What would it be like to find horror books, right up the alley of Stephen King, but appropriate for fifth and sixth graders to read in school? It would be like discovering Darren Shan's Cirque Du Freak books. I've only finished the first book, but it was really scary, and bloody, and suspenseful. Yikes. I wouldn't want any kid younger than 10 reading it at night. I'm quite interested in continuing the series myself, and I'm super optimistic about lots of students getting into them as well.
Jonothan Kozol's Letters To A Young Teacher was a great, inspiring read. I was, as I've already mentioned, frustrated at some points when he we wrote about teacher-led activism. But, overall, I found his words comforting, motivating, and helpful.
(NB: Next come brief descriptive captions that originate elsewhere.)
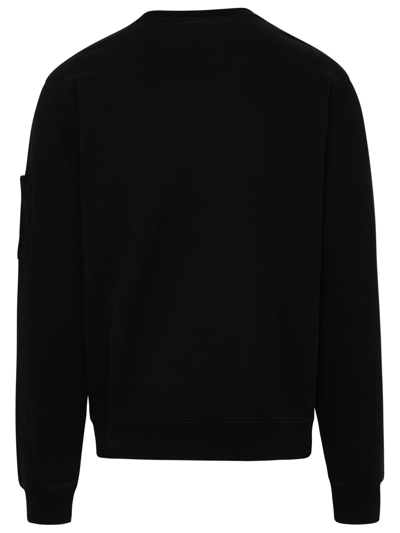Shop C.p. Company Cotton Sweatshirt In Black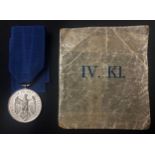 WW2 Third Reich Dienstauszeichnung der Wehrmacht 4.Klasse, 4 Jahre - Long Service Medal 4th Class, 4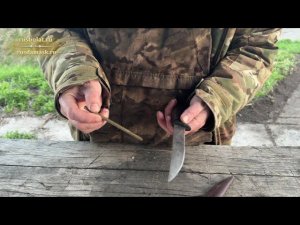 Как точить филейный нож в полевых условиях - простой способ правки без использования заточных систем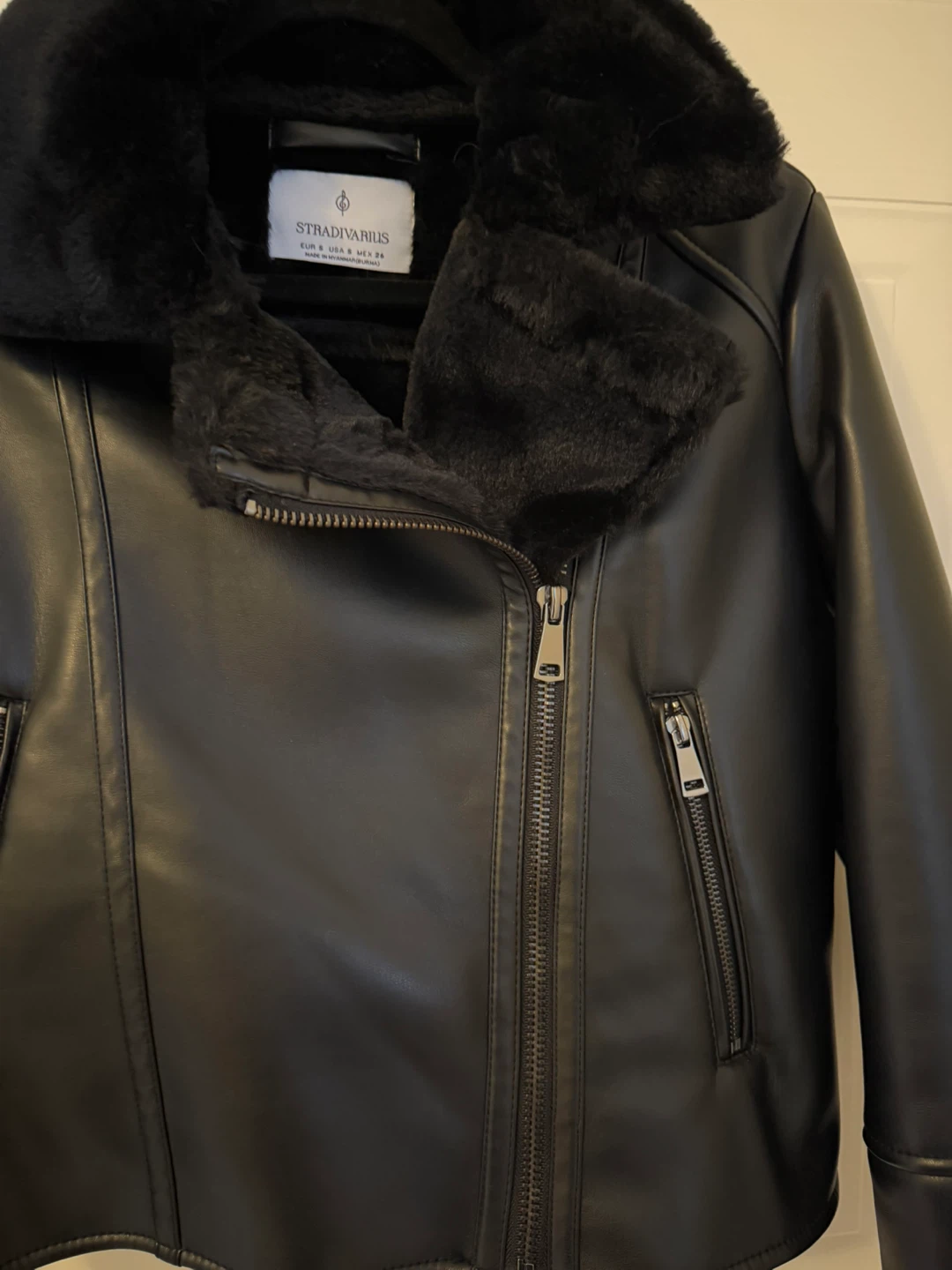 FAUX LEATHER DOUBLE-FACED BIKER JACKET - photo 2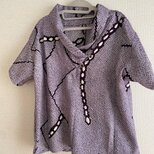 絞り染めの羽織からカウルネックプルオーバー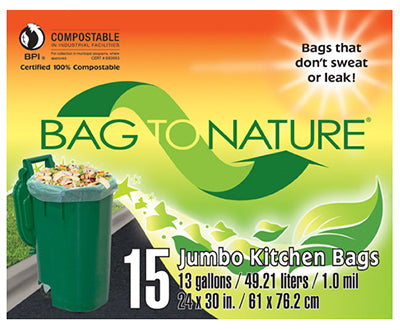 Tall Kitchen Bags, 13-Gal., 15-Ct.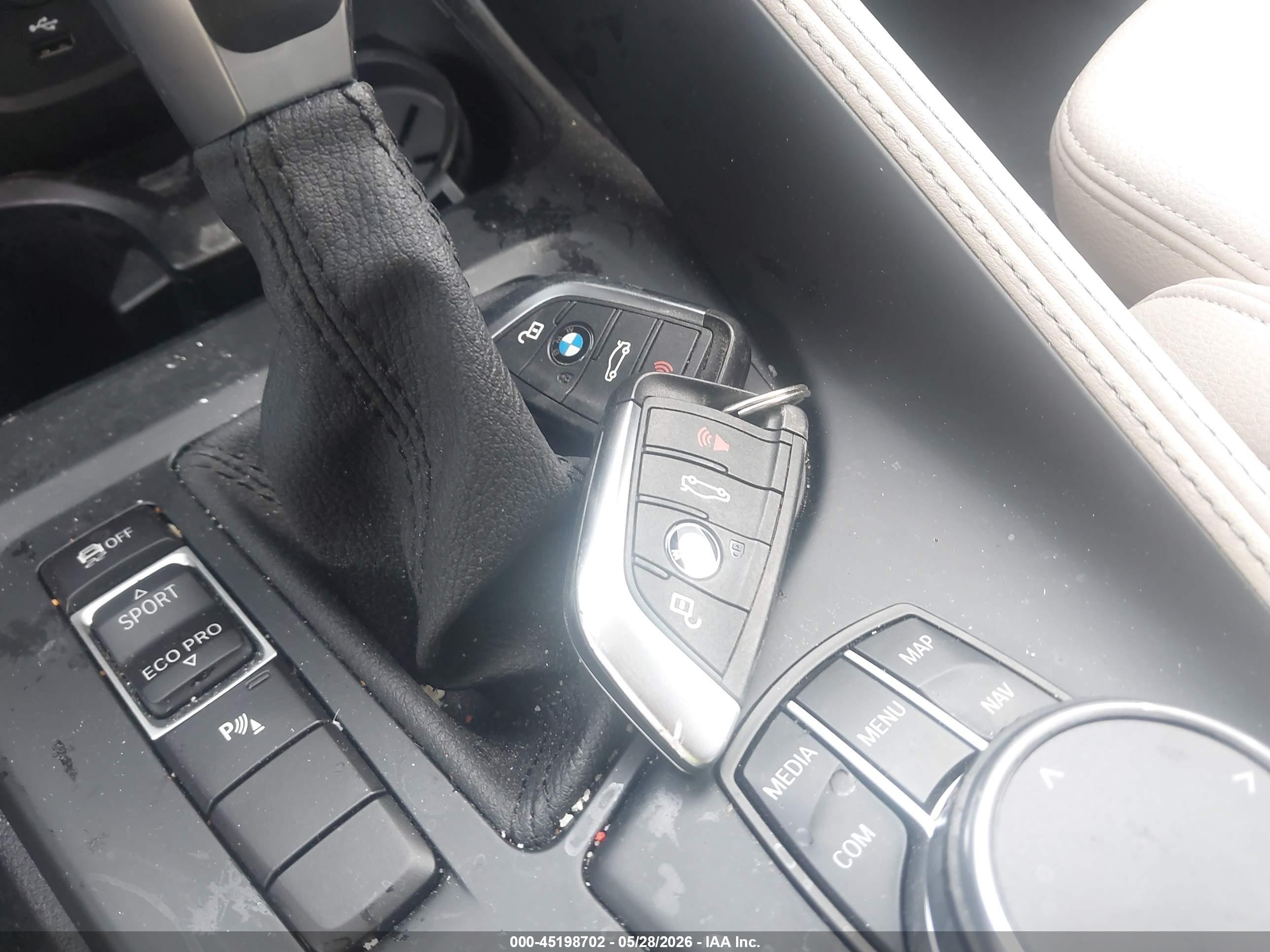 2019 Bmw X1 Sdrive28i Black vin: WBXHU7C5XK3H44929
It also helped me realize that there are lots of fabulous things about working for the Salt Lake City School District. Our schools are somewhat segregated, with the whole East and West side divide, but certainly not as segregated as many cities across the nation. And our district services the whole city so overall we have a huge range of demographics. Even little old Washington Elementary has a nice blend of racial, ethnic, and economic diversity. I wish there was more economic diversity, but we do have some variety, ranging from extreme, homeless levels of poverty, to making-ends-meet poor, to a few families who are comfortably middle class.
Kozol provided a whole chapter on the voucher debate, which is a very hot issue here in Utah right now. We are going to be voting next week on whether to keep and implement the voucher program that the state legislature created last year or to dissolve the legislation and continue Utah's oddly progressive history of strongly supporting public schools. (When you have family sizes like ours, what choice do you have but to keep the public schools strong??)